## Records for this exercise
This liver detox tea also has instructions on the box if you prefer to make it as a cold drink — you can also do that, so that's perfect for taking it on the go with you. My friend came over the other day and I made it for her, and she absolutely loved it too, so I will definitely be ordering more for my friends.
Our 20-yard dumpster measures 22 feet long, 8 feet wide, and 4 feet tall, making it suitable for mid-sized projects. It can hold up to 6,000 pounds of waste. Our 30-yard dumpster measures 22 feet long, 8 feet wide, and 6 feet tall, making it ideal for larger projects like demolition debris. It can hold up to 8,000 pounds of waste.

...

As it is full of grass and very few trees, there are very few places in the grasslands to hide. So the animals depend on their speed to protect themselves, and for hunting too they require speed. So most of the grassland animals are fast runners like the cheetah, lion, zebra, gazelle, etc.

---

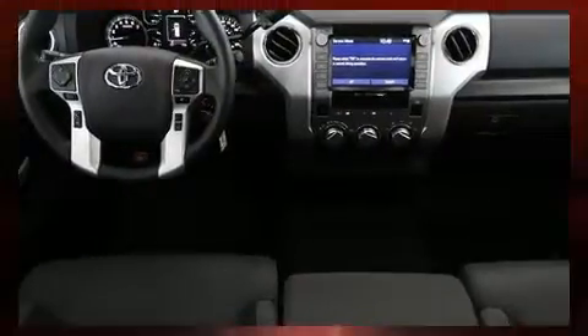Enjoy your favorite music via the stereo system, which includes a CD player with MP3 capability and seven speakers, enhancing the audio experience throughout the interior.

## What you should do
Copy the lines of the data above exactly as written, beginning with the line containing "This liver detox" and ending with the line containing "Our 20-yard dumpster", and leave out all other lines.

## Task result
This liver detox tea also has instructions on the box if you prefer to make it as a cold drink — you can also do that, so that's perfect for taking it on the go with you. My friend came over the other day and I made it for her, and she absolutely loved it too, so I will definitely be ordering more for my friends.
Our 20-yard dumpster measures 22 feet long, 8 feet wide, and 4 feet tall, making it suitable for mid-sized projects. It can hold up to 6,000 pounds of waste. Our 30-yard dumpster measures 22 feet long, 8 feet wide, and 6 feet tall, making it ideal for larger projects like demolition debris. It can hold up to 8,000 pounds of waste.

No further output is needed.